Digital Workflow

Digital Imaging typically involves the following steps:

1. ACQUISITION. An image is scanned, electronically photographed or digitally rendered into the random access memory of a computer.

2. ON-LINE STORAGE. The acquired image is stored for further use in an accessible but secure location, preferably a departmental file-server. Ideally, no local copies are maintained elsewhere. By maintaining a single working copy of the image file in a central location, the confusion ensuing from a proliferation of derivative files in different locations is avoided. Only the owner or her designee can access the stored image, and nightly backup of the server guards against catastrophic loss.

3. PROCESSING. The image is adjusted for color balance, noise and sharpness, size, cropping, resolution, etc. The adjusted image remains on the file server in its original location.

4. COMPOSITION. If necessary, the image is annotated or composited with other information. This may include text labels, markers such as arrows or scale bars, and/or other images. The document containing the composed or annotated images is saved under a new name on the file server, leaving the constituent originals intact for future use.

5. ENCAPSULATION AND OUTPUT. The final document is either sent directly to an on-line printer or saved as a Postscript file for later output via any PostScript® device.

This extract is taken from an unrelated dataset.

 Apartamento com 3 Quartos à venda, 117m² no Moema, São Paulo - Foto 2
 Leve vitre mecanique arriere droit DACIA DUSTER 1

6. ARCHIVING. If there is no further immediate need for the image and related files, they are transferred from on-line storage to durable, inexpensive and carefully cataloged off-line media such as CD-ROM discs. This ensures future availability of the archived files and permits the system's on-line storage capacity to be recycled.

Digital Images

Because most computer monitors and printers are unable to produce smooth lines, they approximate them by drawing tiny squares of color called pixels (Picture ELements) of the smallest size feasible. This means that every digital image you are likely to encounter will be composed of pixels. A computer monitor might be able to draw 75 of these dots per inch (DPI) on its screen, while a standard B&W laser printer might manage 300 or 600 DPI on paper.

Bitmaps

Many images are simple arrays of pixels. This icon from Netscape® consists of 1024 pixels in a 32 by 32 matrix. Such an image has an inherent resolution. No matter how big or small the display of this image, it will always contain 1024 pixels. Stretched out over a large enough area, the pixels become conspicuous.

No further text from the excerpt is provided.